Greece may seek to leave the euro if parties opposed to the austerity measures imposed with the rescue win elections on June 17. Meanwhile, Spain’s 10-year borrowing costs jumped to a euro-era record on Thursday after the nation’s credit rating was cut to one step above junk by Moody’s following Prime Minister Mariano Rajoy’s request for bank aid this week.

“Markets will perform better when they have transparency,” Timothy Pitt-Payne, lawyer for Bloomberg News, told the court. “The question is who knew what; and when did they know it?”

Bloomberg’s lawsuit, filed in December 2010, requested access to two internal papers drafted for the central bank’s six-member Executive Board. They show how Greece used swaps to hide its borrowings, according to a March 3, 2010, note attached to the papers and obtained by Bloomberg News.

The first document is entitled “The impact on government deficit and debt from off-market swaps: the Greek case.”

The second reviews Titlos Plc, a securitization that allowed National Bank of Greece SA, the country’s biggest lender, to exchange swaps on Greek government debt for funding from the ECB, the Executive Board said in the cover note.

These documents “played a role” in shaping policy and “highlighted there were issues” when the ECB undertook a review of its eligibility criteria for collateral in its funding operations, the ECB lawyer told the court.

The cornerstone of the ECB’s response to the crisis is to give banks as much money as they needed in return for collateral. In October 2010, the ECB changed the rules on the asset-backed securities it accepted and gave itself more discretionary power to reject collateral if necessary.

‘Right to Know’
“The public has a right to know how EU authorities may have allowed Greece to hide its deficit, which helped trigger Europe’s sovereign debt crisis,” said Matthew Winkler, editor- in-chief of Bloomberg News. “Greater transparency results in more accountability, and we seek this information to understand how this debt debacle unfolded in an effort to avoid repeating it.”

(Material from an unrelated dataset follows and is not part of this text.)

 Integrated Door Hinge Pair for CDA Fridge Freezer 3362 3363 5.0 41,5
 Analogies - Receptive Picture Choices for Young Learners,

The Greek government didn’t originally disclose the swaps, designed to help it comply with the deficit and debt rules it agreed to meet when it joined the euro in 2001. The swaps allowed the country to increase borrowings by 5.3 billion euros, Eurostat, the EU’s statistics agency, said in November 2010.

In April 2009 -- seven months before the Greek crisis erupted -- ECB officials spotted “a swap operation in unusual terms,” according to the March 2010 document.

Additional Powers
Repeated revisions of Greece’s budget figures after George Papandreou ousted Kostas Karamanlis as Prime Minister in October 2009, spurred a surge in the country’s borrowing costs, eventually forcing the nation to seek aid from the EU and the International Monetary Fund. In 2010, Eurostat gained additional powers allowing it to audit countries’ financial data.

In the largest derivative transaction disclosed so far, Greece borrowed 2.8 billion euros from Goldman Sachs Group Inc. in 2001 through a derivative that swapped dollar- and yen- denominated debt issued by the nation for euros using a historical exchange rate, a move that generated an implied reduction in total borrowings.

“The Greek authorities had never informed Eurostat about this complex issue, and no opinion on the accounting treatment had been requested,” Eurostat, the Luxembourg-based statistics agency, said in a statement. The watchdog had only “general” discussions with financial institutions over its debt and deficit guidelines when the swap was executed in 2001.

“It is possible that Goldman Sachs asked us for general clarifications,” Eurostat said, declining to elaborate further.

Spokesmen for Goldman Sachs in London couldn’t immediately comment after the hearing.